Task description:
Your copy should repeat each record below exactly and contain no images.

═══ Data excerpts

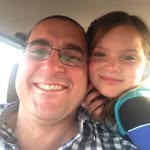Mark de Freitas - @rpmarkd2023 - Instagram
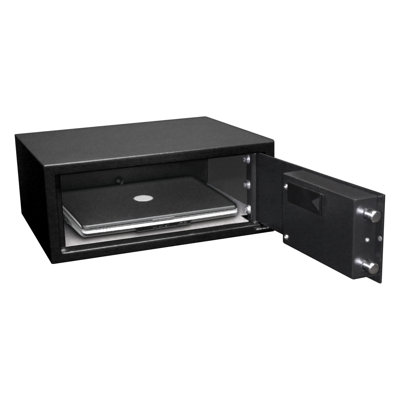 Honeywell Electronic Lock Laptop Safe [1 CuFt]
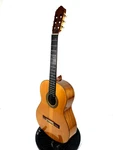 Exc+++++ Yamaha GC-7 Grand Concert Classical Guitar Used From Japan. Fixed Price $729.99.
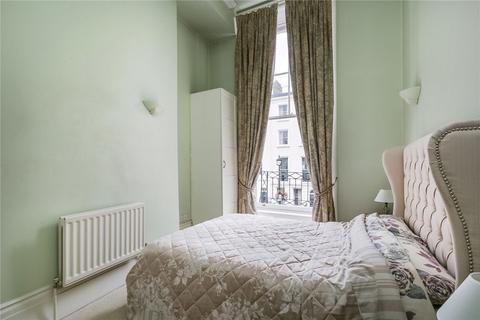 1 bedroom flat to rent, Gloucester Place, London W1U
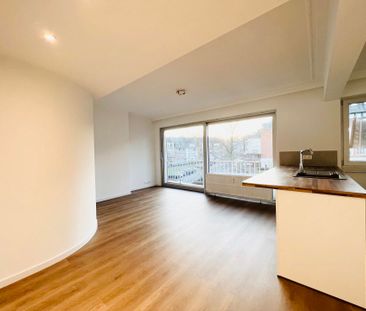 Avenue Charles Thielemans, 1150, Woluwe-Saint-Pierre - Photo 4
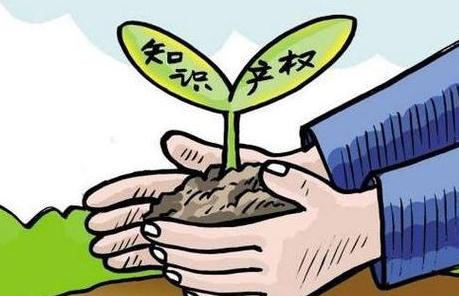 腾讯告知识产权局 知识产权诉讼流程是怎么样的？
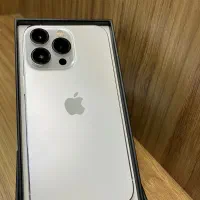 Iphone 13pro نقد و اقساط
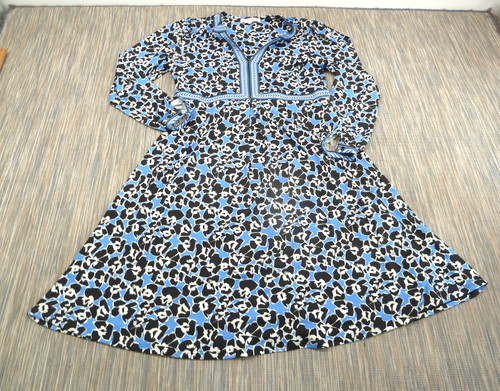 Hale bob kleid - damen, groß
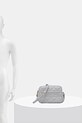 Valentino Bags torebka VBS51O06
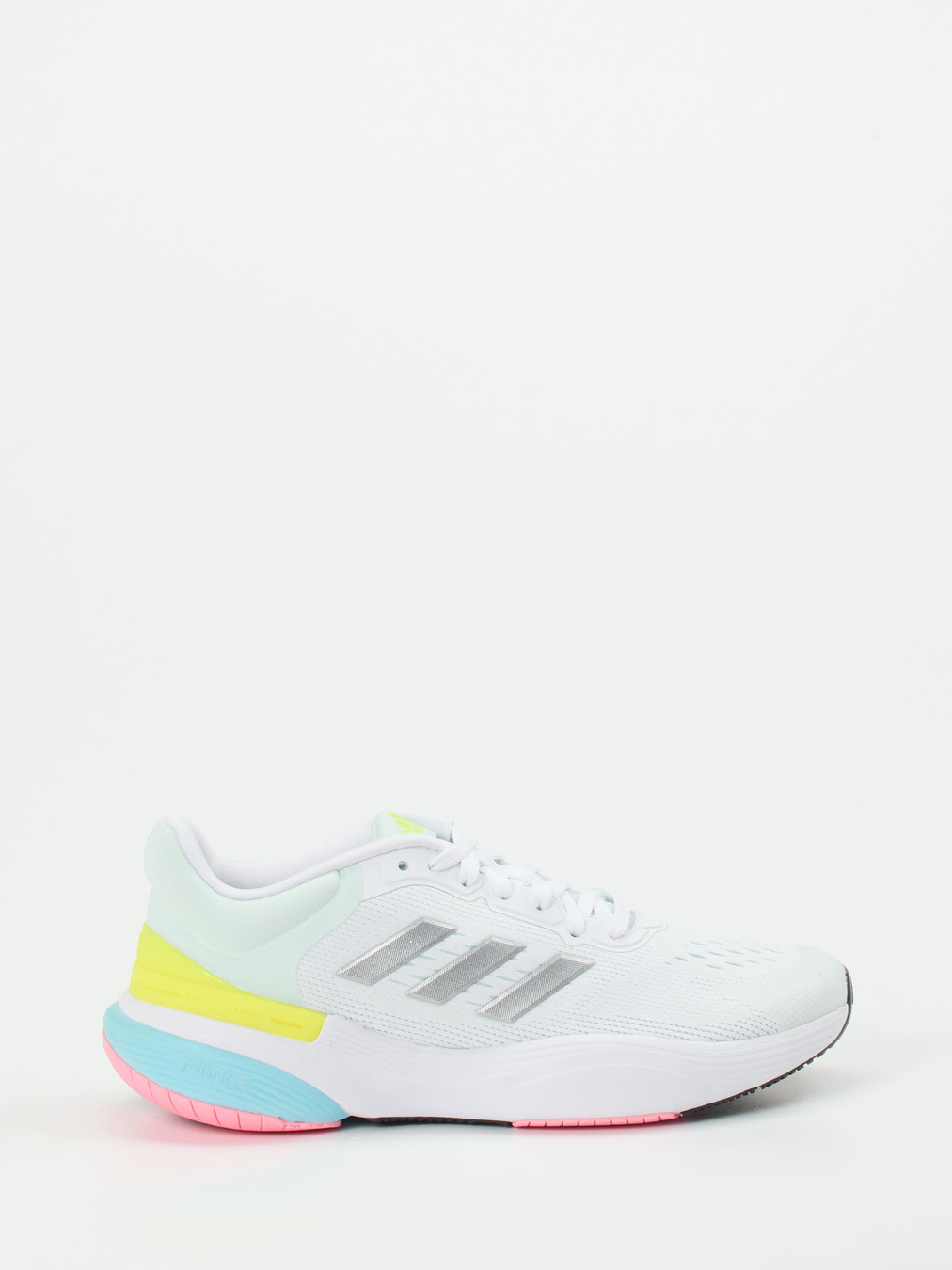 Sneaker weiß 8165799037101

══════

Answer to this problem:
Mark de Freitas - @rpmarkd2023 - Instagram
 Honeywell Electronic Lock Laptop Safe [1 CuFt]
 Exc+++++ Yamaha GC-7 Grand Concert Classical Guitar Used From Japan. Fixed Price $729.99.
 1 bedroom flat to rent, Gloucester Place, London W1U
 Avenue Charles Thielemans, 1150, Woluwe-Saint-Pierre - Photo 4
 腾讯告知识产权局 知识产权诉讼流程是怎么样的？
 Iphone 13pro نقد و اقساط
 Hale bob kleid - damen, groß
 Valentino Bags torebka VBS51O06
 Sneaker weiß 8165799037101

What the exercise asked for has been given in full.